Machine learning (ML) employs algorithms and statistical models that enable computer systems to find patterns in massive amounts of data, and then uses a model that recognizes those patterns to make predictions or descriptions on new data.
In simplest terms, machine learning trains a machine to learn without being explicitly programmed how to do so. As a subset of AI, machine learning in its most elemental form uses algorithms to parse data, learn from it, and then make predictions or determinations about something in the real world.
In other words, machine learning uses algorithms to autonomously create models from data fed into a machine learning platform. Typical programmed or rule-based systems capture an expert's knowledge in programmed rules, but when data is changing, these rules can become difficult to update and maintain. Machine learning has the advantage of being able to learn from increasing volumes of data fed into the algorithms, and it can give data driven probabilistic predictions. This capability to utilize and apply highly complex algorithms to today’s big data applications quickly and effectively is a relatively new development.
Just about any discrete task that can be undertaken with a data-defined pattern or with a set of rules can be automated and therefore made far more efficient using machine learning. This allows companies to transform processes only possible previously by humans, including routing of customer service calls and reviewing resumes, among many others.
The performance of a machine learning system depends on the capability of some number of algorithms for turning a data set into a model. Different algorithms are needed for different problems and tasks, and solving them depends as well on the quality of the input data and power of the computing resources.
Machine learning employs two main techniques that divide use of algorithms into different types: supervised, unsupervised, and a mix of these two. Supervised learning algorithms use labeled data, unsupervised learning algorithms find patterns in unlabeled data. Semi-supervised learning uses a mixture of labeled and unlabeled data. Reinforcement learning trains algorithms to maximize rewards based on feedback.
Supervised machine learning, also called predictive analytics, uses algorithms to train a model to find patterns in a dataset with labels and features. It then uses the trained model to predict the labels on a new dataset’s features.
Supervised learning can be further categorized into classification and regression.
Classification identifies which category an item belongs to based on labeled examples of known items. In the simple example below, logistic regression is used to estimate the probability of whether a credit card transaction is fraudulent or not (the label) based on features of transactions (transaction amount, time, and location of last transaction) known to be fraudulent or not.
Other examples of classification include:
Regression estimates the relationship between a target outcome label and one or more feature variables to predict a continuous numeric value. In the simple example below linear regression is used to estimate the house price (the label) based on the house size (the feature).
Other examples of regression include:
Supervised learning algorithms include:
Unsupervised learning, also called descriptive analytics, doesn’t have labeled data provided in advance, and can aid data scientists in finding previously unknown patterns in data. These algorithms attempt to ‘learn’ the inherent structure in the input data, discovering similarities, or regularities. Common unsupervised tasks include clustering and association.

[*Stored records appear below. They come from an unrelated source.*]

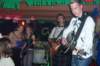 auchihrseidmanchmalbaarrock_small.jpg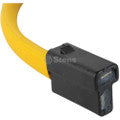 Stens X0157 Xtreme PTO Clutch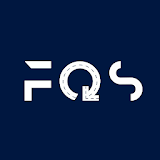 FQS Conductor icon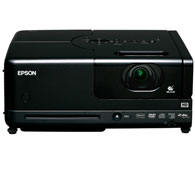 Epson EH-DM2 (c DVD � ���������)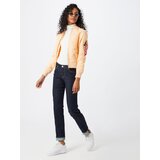 Lee Kavbojke 'Marion' modra | Shoptok.si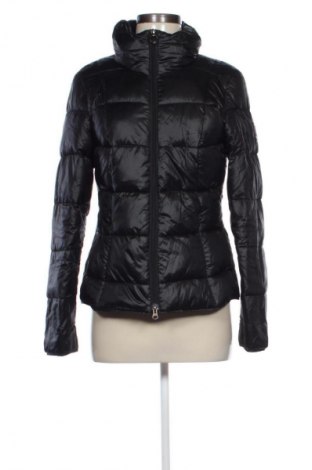 Kurtka damska S.Oliver, Rozmiar S, Kolor Czarny, Cena 113,99 zł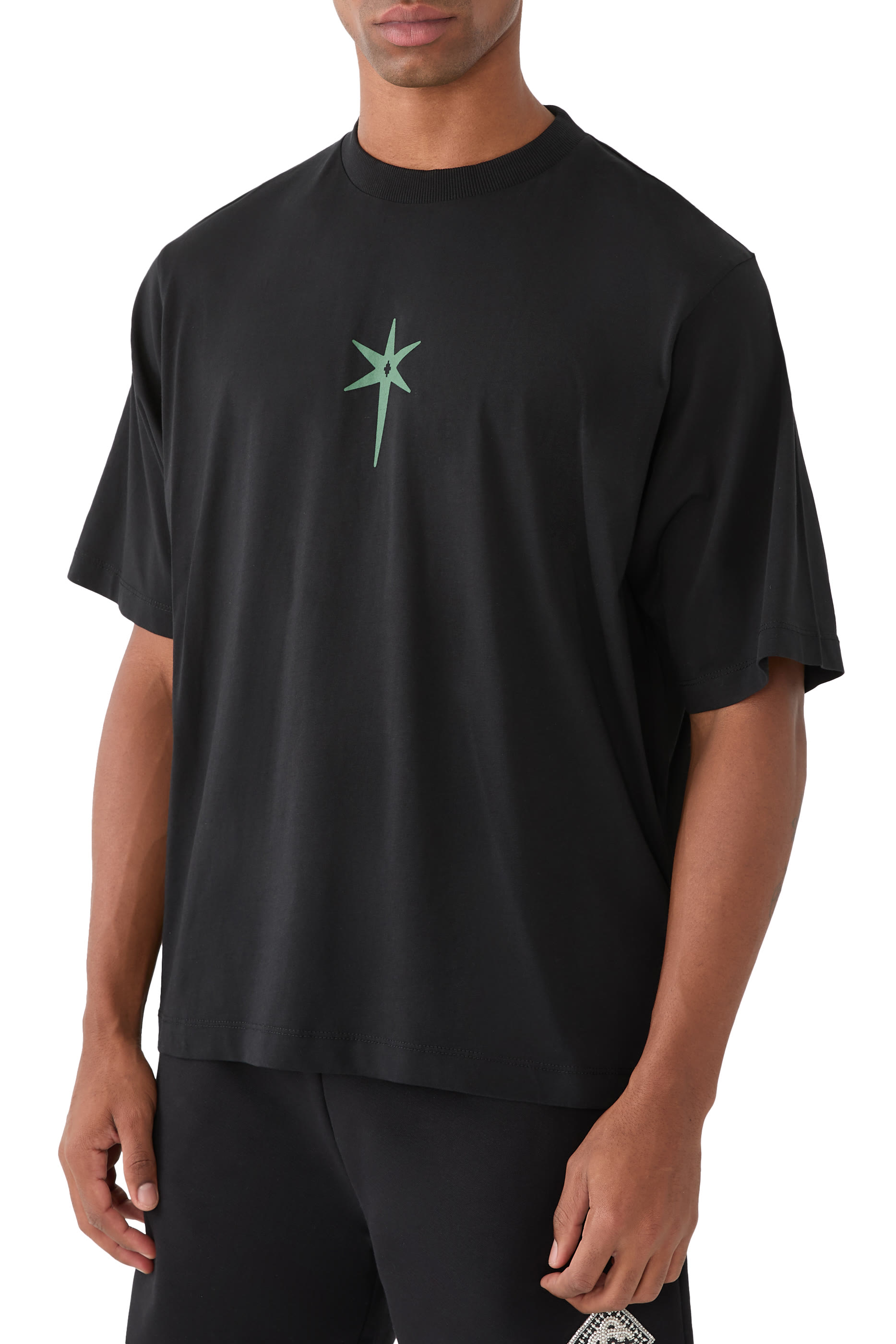 تيشيرت كاونتي غوث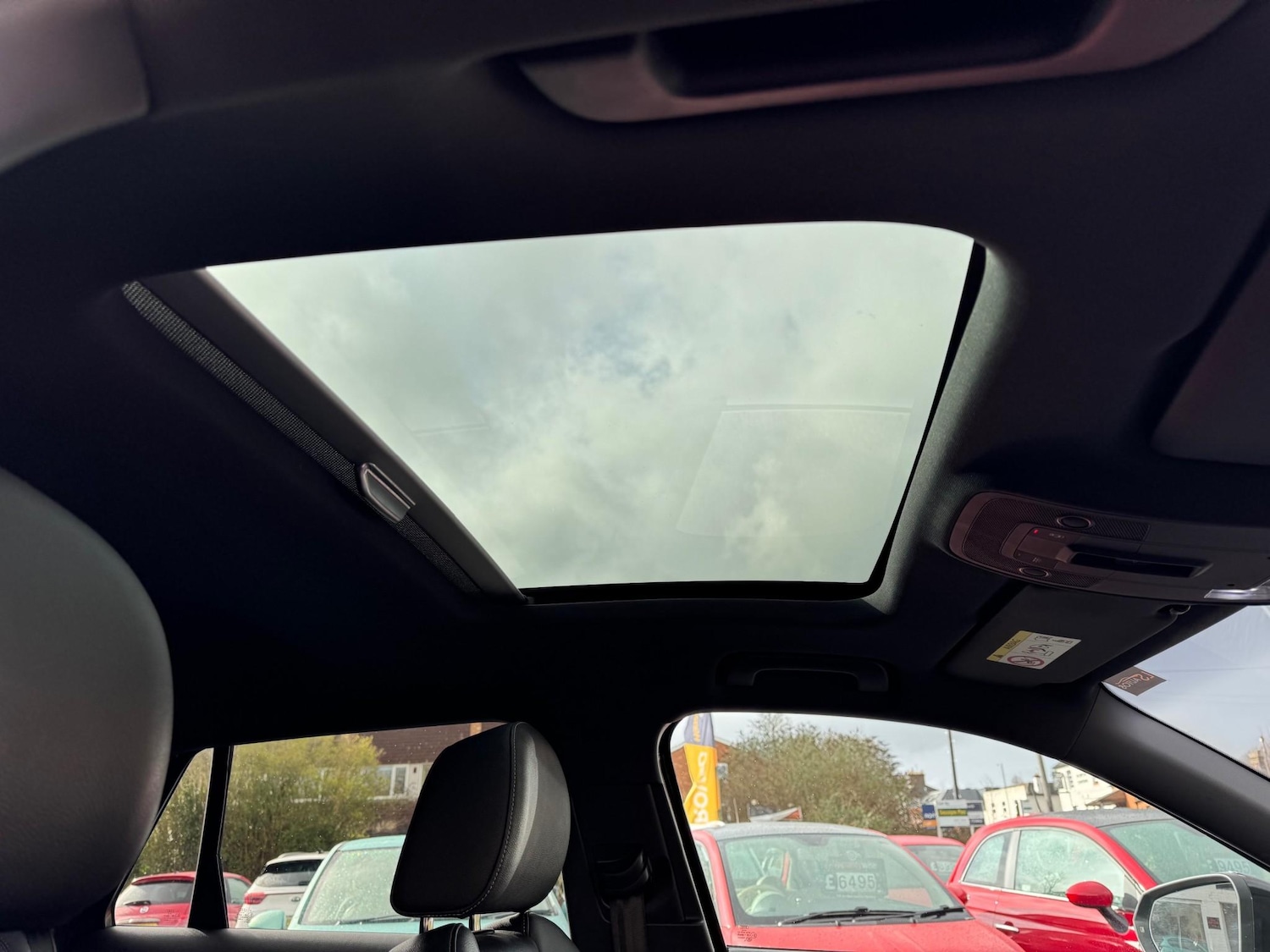 Used Audi Q2 2020 for sale - 77520009: Photo 18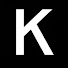w-0GeeATWOo-channel-avatar-Kinuski_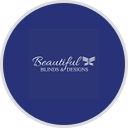 Beautiful Blinds and Designs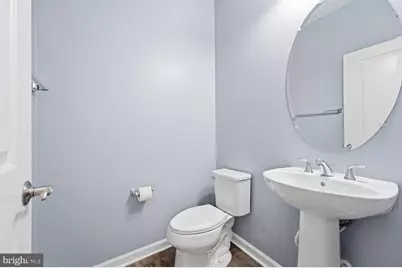 6906 Stoddert Lane, Landover, MD 20785 - Photo 13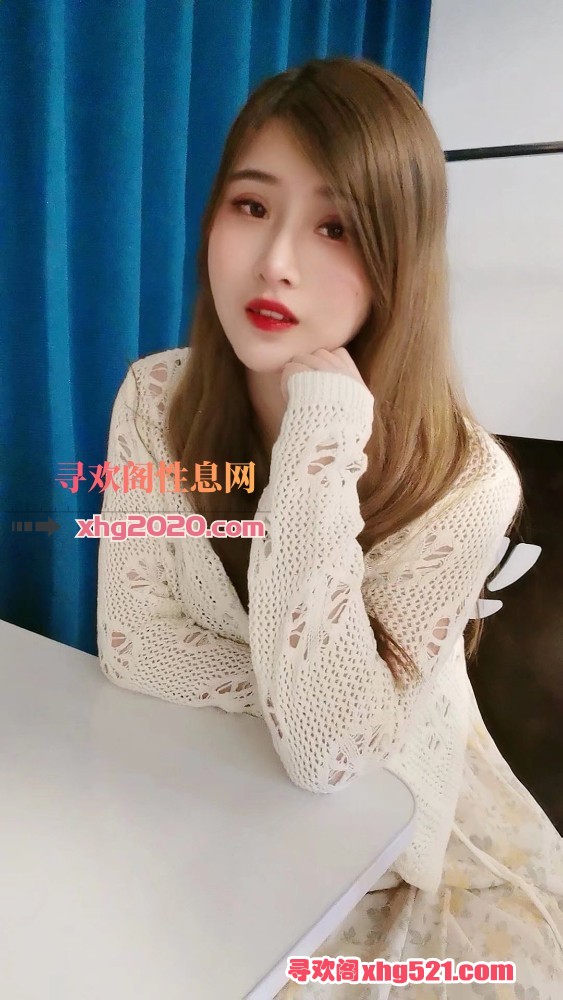 115306xnwfkwwz832huhw3.jpg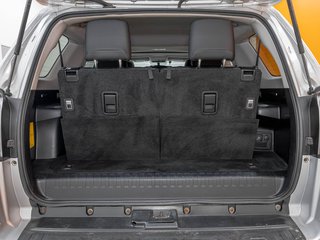 Toyota 4Runner  2019 à St-Jérôme, Québec - 29 - w320h240px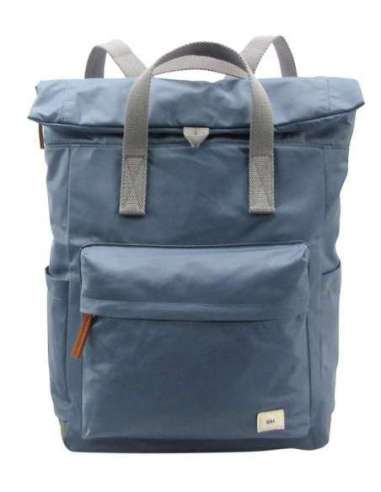 Mochila Roka CANFIELD-M RECI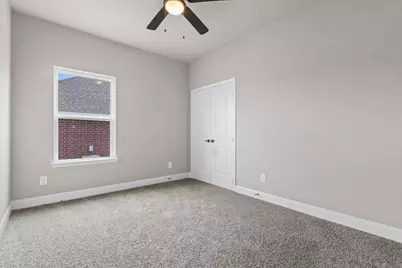 805 Melody Circle, Kaufman, TX 75142 - Photo 17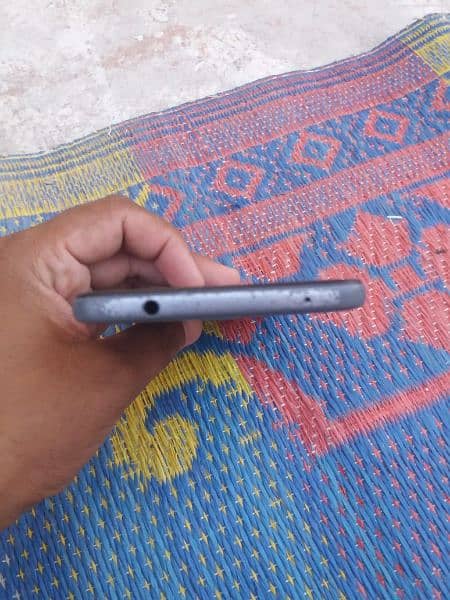 Nokia 2.4 for Sale (Used) 3/64 2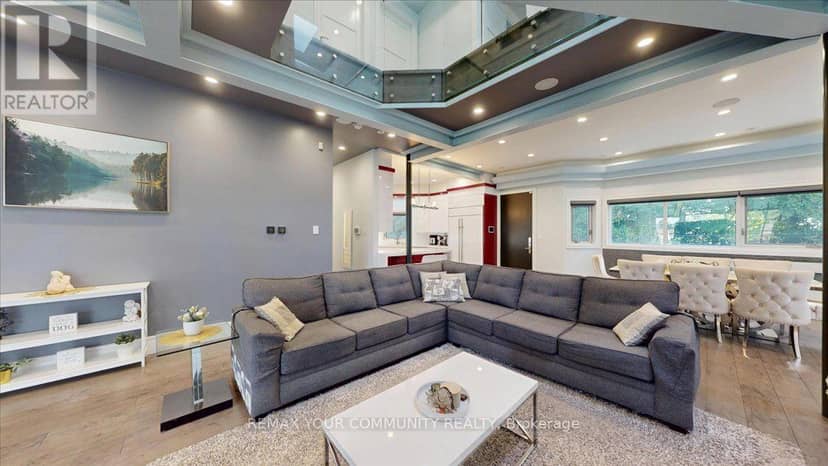 64 Aviemore Drive, Toronto, photo 7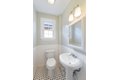 Additional image 9 of 216 Lakeview Pl Unit 2, Bronx, NY, 10471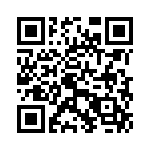 KE083350A000G QRCode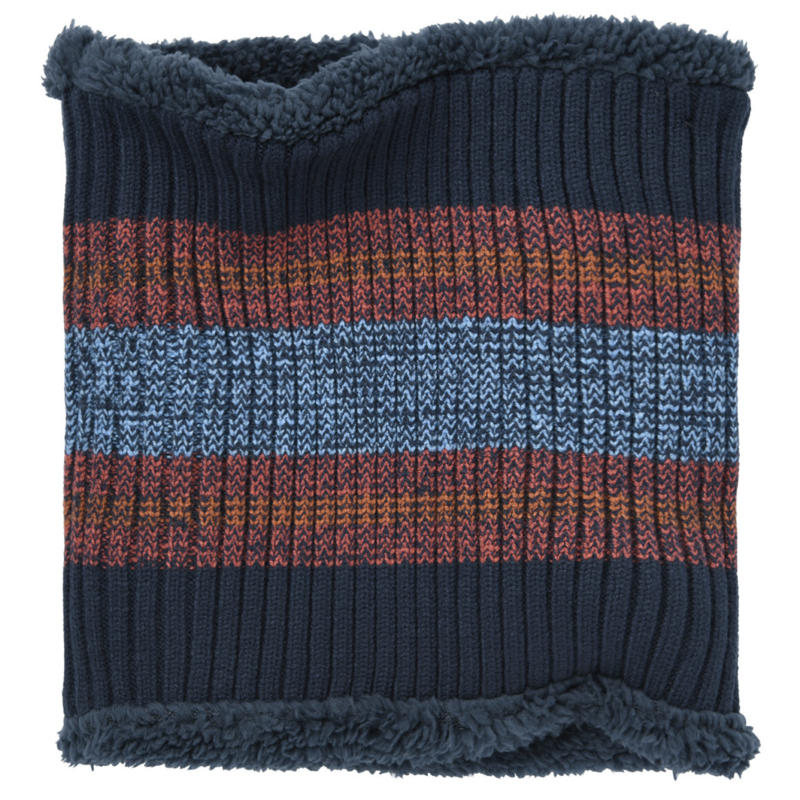 Jungen Snood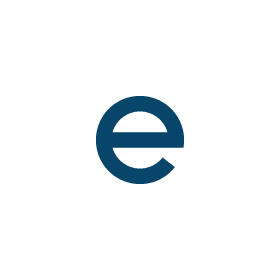 marketing agency tirana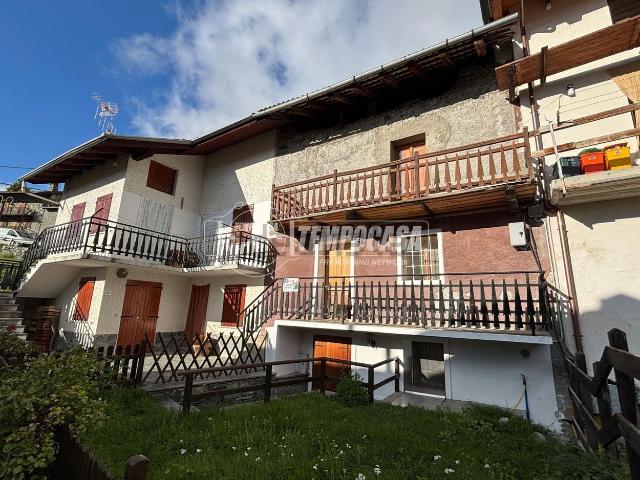Appartamento in vendita di 45 m²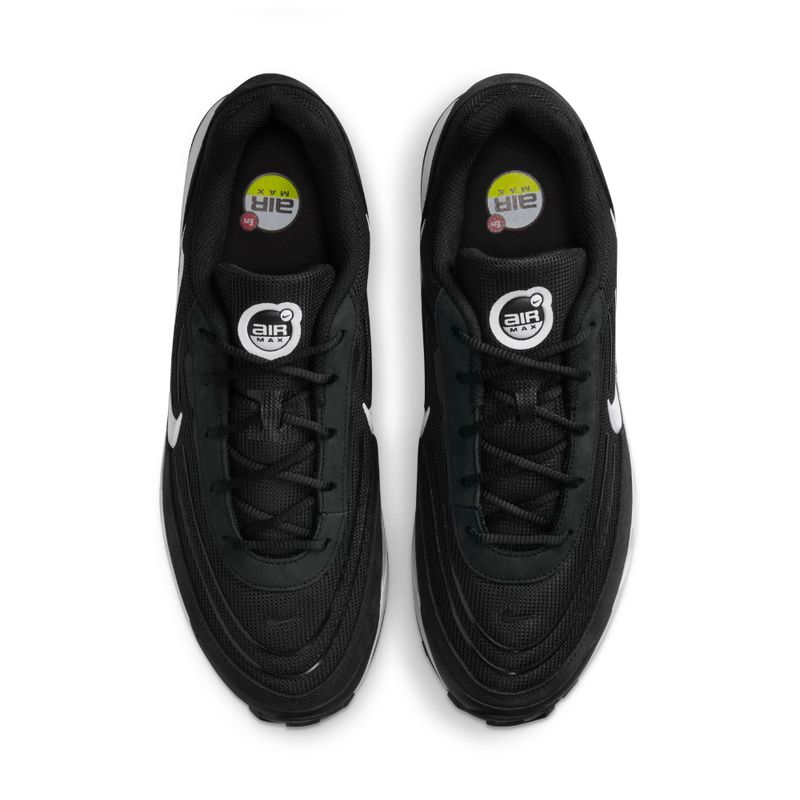 Tenis-Para-Hombre-Air-Max-Verse-Nike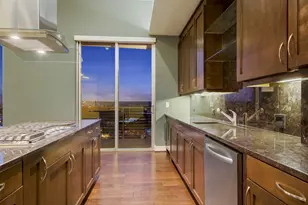 214 Barton Springs Rd, Austin, TX 78704 - Photo 17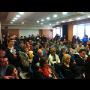 Confcommercio Visure Camerali
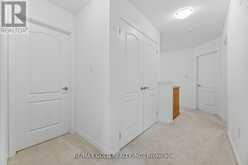 30 HILLS THISTLE DRIVE | Wasaga Beach Ontario | Slide Image Nineteen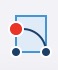go-icon-rotated-rectangle.jpg
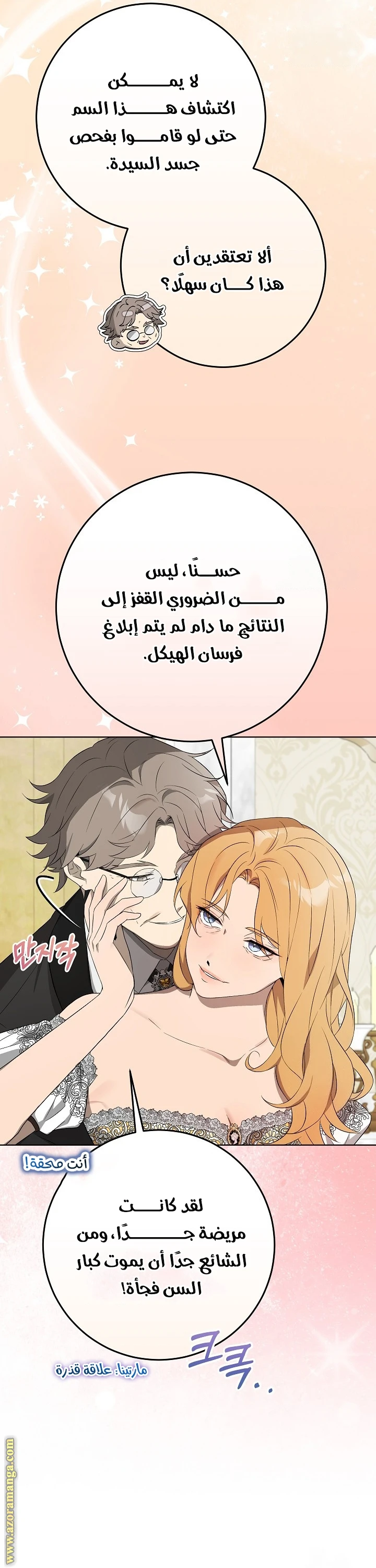 الصفحة 3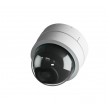 Ubiquiti UniFi Protect G5 Dome Ultra Camera, UVC-G5-Dome-Ultra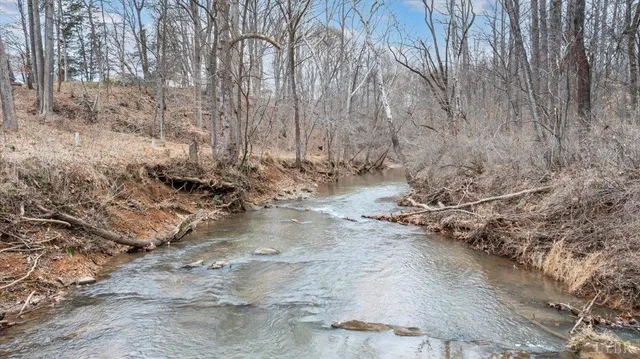 $469,900 | 3432 Ivylink Place, Lynchburg, VA 24503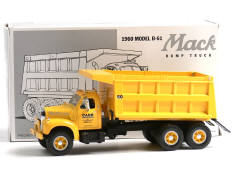 FIRST GEAR (USA) (1)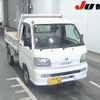 daihatsu hijet-truck 2002 -DAIHATSU 【沼津 40ﾗ30】--Hijet Truck S210P--S210P-0157687---DAIHATSU 【沼津 40ﾗ30】--Hijet Truck S210P--S210P-0157687- image 1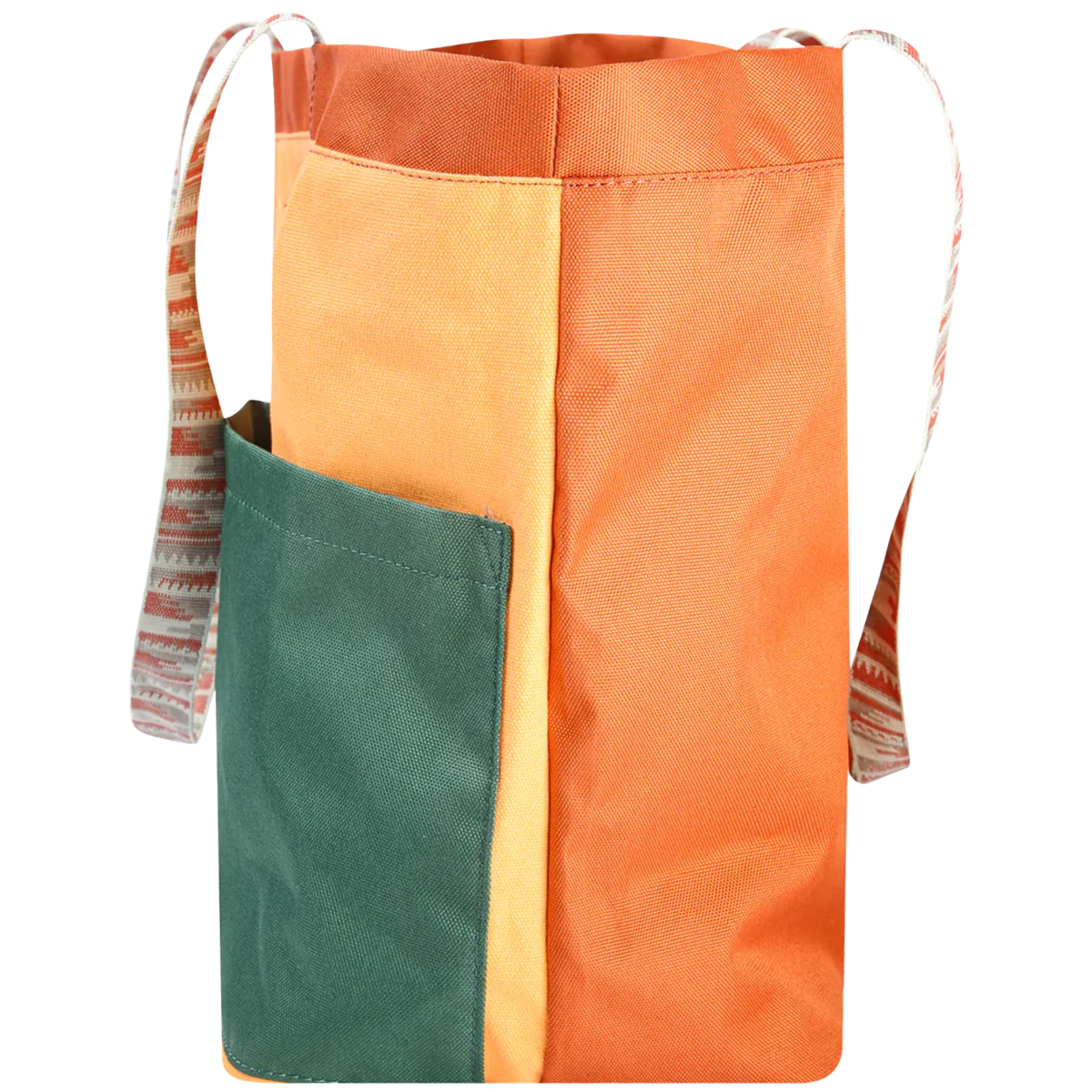 Women's Twin Falls Tote - Image 4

In clustering, an algorithm classifies inputs into categories by analyzing similarities between input examples. An example of clustering is a company that wants to segment its customers in order to better tailor products and offerings. Customers could be grouped on features such as demographics and purchase histories. Clustering with unsupervised learning is often combined with supervised learning in order to get more valuable results.
Other clustering examples include:
Association or frequent pattern mining finds frequent co-occurring associations (relationships, dependencies) in large sets of data items. An example of co-occurring associations is products that are often purchased together, such as the famous beer and diaper story. An analysis of behavior of grocery shoppers discovered that men who buy diapers often also buy beer.
Unsupervised learning algorithms include:
The benefits of machine learning for business are varied and wide and include:
Companies are increasingly data-driven–sensing market and environment data, and using analytics and machine learning to recognize complex patterns, detect changes, and make predictions that directly impact the bottom line. Data-driven companies use data science to manage and make sense of torrents of data.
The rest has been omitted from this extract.